-- Data for analysis --
○ ○ ○

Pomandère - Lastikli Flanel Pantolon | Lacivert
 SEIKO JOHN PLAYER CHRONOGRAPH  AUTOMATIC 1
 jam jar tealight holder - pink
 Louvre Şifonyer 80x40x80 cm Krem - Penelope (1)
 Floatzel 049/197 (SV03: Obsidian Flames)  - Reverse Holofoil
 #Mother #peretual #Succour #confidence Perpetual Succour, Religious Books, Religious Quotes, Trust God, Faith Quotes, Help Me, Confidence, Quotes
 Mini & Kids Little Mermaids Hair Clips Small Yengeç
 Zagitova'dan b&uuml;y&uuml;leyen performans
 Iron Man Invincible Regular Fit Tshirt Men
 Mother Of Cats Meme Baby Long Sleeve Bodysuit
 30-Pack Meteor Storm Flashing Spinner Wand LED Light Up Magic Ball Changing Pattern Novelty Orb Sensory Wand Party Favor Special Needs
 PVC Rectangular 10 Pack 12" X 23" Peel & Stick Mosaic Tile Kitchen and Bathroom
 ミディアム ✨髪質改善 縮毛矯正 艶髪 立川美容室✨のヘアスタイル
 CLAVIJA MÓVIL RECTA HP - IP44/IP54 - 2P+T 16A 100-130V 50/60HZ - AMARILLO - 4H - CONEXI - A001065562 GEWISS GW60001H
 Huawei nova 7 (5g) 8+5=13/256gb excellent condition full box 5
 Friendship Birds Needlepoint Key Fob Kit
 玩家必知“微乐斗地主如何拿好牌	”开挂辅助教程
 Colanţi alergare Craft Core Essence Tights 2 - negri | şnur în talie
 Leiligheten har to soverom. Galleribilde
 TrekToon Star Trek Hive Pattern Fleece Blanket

○ ○ ○

-- Problem to work on --
Which lines of the listing contain the string "Pattern"? Copy each of them.

-- Problem solution --
 30-Pack Meteor Storm Flashing Spinner Wand LED Light Up Magic Ball Changing Pattern Novelty Orb Sensory Wand Party Favor Special Needs
 TrekToon Star Trek Hive Pattern Fleece Blanket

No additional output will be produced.